*** Available data ***

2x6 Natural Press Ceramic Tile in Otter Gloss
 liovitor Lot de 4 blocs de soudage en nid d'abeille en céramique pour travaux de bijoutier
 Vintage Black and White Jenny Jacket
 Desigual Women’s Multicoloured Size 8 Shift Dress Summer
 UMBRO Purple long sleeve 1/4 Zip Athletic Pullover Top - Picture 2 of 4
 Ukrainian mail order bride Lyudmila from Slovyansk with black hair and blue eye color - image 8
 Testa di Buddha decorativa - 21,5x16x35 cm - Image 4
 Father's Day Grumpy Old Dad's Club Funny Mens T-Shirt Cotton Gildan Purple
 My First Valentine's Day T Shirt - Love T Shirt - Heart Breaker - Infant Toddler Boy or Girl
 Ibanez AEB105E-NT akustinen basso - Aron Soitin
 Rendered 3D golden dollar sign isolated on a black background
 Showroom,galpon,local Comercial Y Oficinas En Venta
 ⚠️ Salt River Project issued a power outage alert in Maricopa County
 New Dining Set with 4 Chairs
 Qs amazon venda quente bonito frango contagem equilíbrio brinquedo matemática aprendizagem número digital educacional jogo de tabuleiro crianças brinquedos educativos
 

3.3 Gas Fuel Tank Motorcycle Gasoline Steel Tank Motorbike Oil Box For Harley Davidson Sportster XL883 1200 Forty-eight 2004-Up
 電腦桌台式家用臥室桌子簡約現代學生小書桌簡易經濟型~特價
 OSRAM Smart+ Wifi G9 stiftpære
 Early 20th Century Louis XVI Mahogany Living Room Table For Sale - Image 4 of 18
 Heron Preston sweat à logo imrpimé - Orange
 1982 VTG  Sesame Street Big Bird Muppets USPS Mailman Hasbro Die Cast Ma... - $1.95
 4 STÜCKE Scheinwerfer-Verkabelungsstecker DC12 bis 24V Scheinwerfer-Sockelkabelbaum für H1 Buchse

*** End of Available data ***

» **Task goal**: A complete answer lists each line of the data that holds the word "Purple".

» **Your response**:
 UMBRO Purple long sleeve 1/4 Zip Athletic Pullover Top - Picture 2 of 4
 Father's Day Grumpy Old Dad's Club Funny Mens T-Shirt Cotton Gildan Purple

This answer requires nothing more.